Por exemplo, a sua defesa da
liberdade religiosa na União Soviética e o apelo para que os crentes não sejam
discriminados no seu ambiente de trabalho, são progressos que devem ser
saudados. A supressão de subsídios aos alimentos, que pode, num primeiro
instante, trazer uma certa aflição para a população, mostra um realismo
econômico jamais visto nesse país, caracterizado, no correr da sua milenar
história, pelo imobilismo.
Quanto aos limites traçados para
a “glasnost”, que certamente vão decepcionar aos que esperavam “milagres” onde
eles jamais aconteceriam, os mesmos têm lá a sua razão de ser. Como se agiria
nos Estados Unidos, por exemplo, se o Estado do Texas pretendesse integrar a
seu território porções do Novo México, à revelia deste?

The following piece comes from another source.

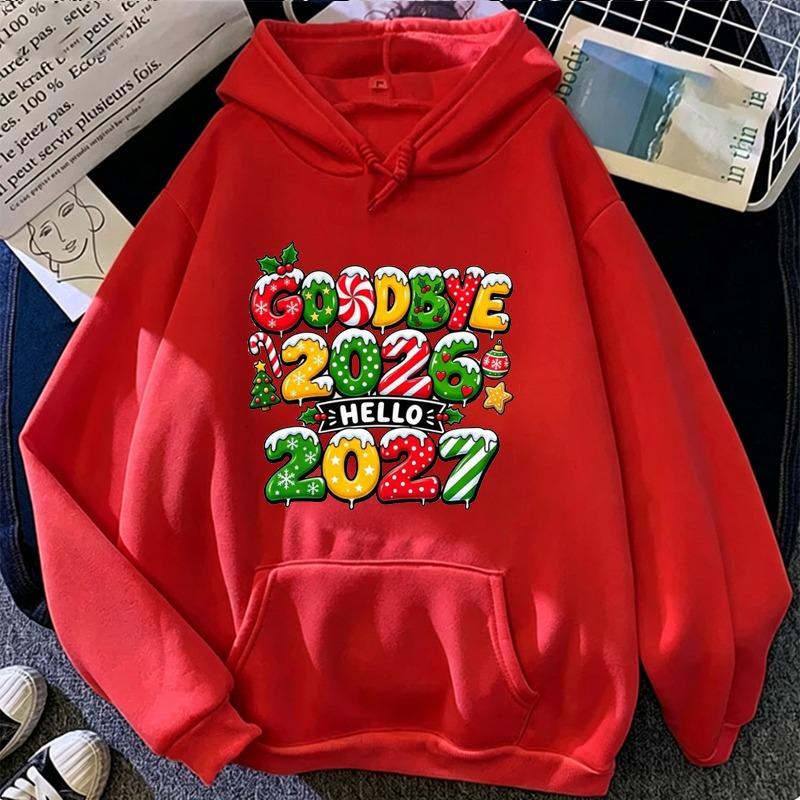 Goodbye 2026 Hello 2027 Christmas Hoodie New Year Sweatshirt Holiday Pullover Tracksuits Hooded Sweatshirt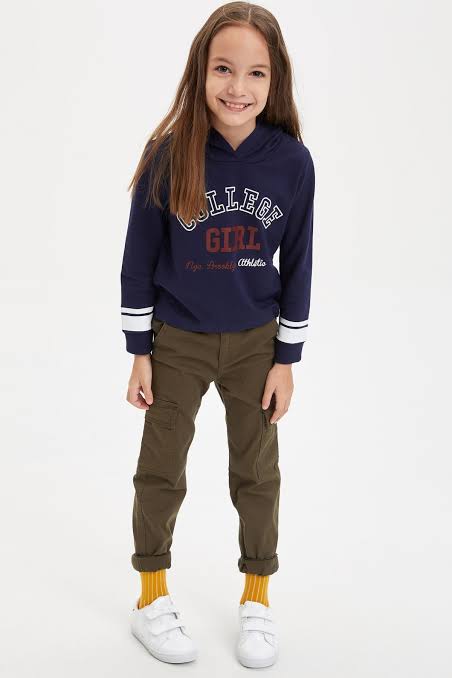 LE PRINTEMPS DEFACTO HOODED SWEATSHIRT PRINTED GILR | NAVY BLUE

Ou se o Arizona pretendesse mais
privilégios do que os demais? Haveria, certamente, uma intervenção federal na
questão, para que esta não descambasse para uma guerra civil. O mesmo princípio
vale, portanto, para a Letônia, Estônia e Lituânia, que pretendem determinadas
vantagens, incompatíveis com a Federação. Ou, para ficar mais próximo ao
exemplo citado, que cai como uma luva para o Azerbaijão e Armênia quanto à
disputa em torno do enclave de Nagorno-Karabhalkaskaya. Resta saber, agora,
quais serão os limites fixados pelo Partido Comunista à “glasnost” e à
“Perestroika”. Estes é que vão pesar na balança e não os de Gorbachev.
(Artigo publicado na página 11, Internacional, do Correio Popular, em 29
de junho de 1988).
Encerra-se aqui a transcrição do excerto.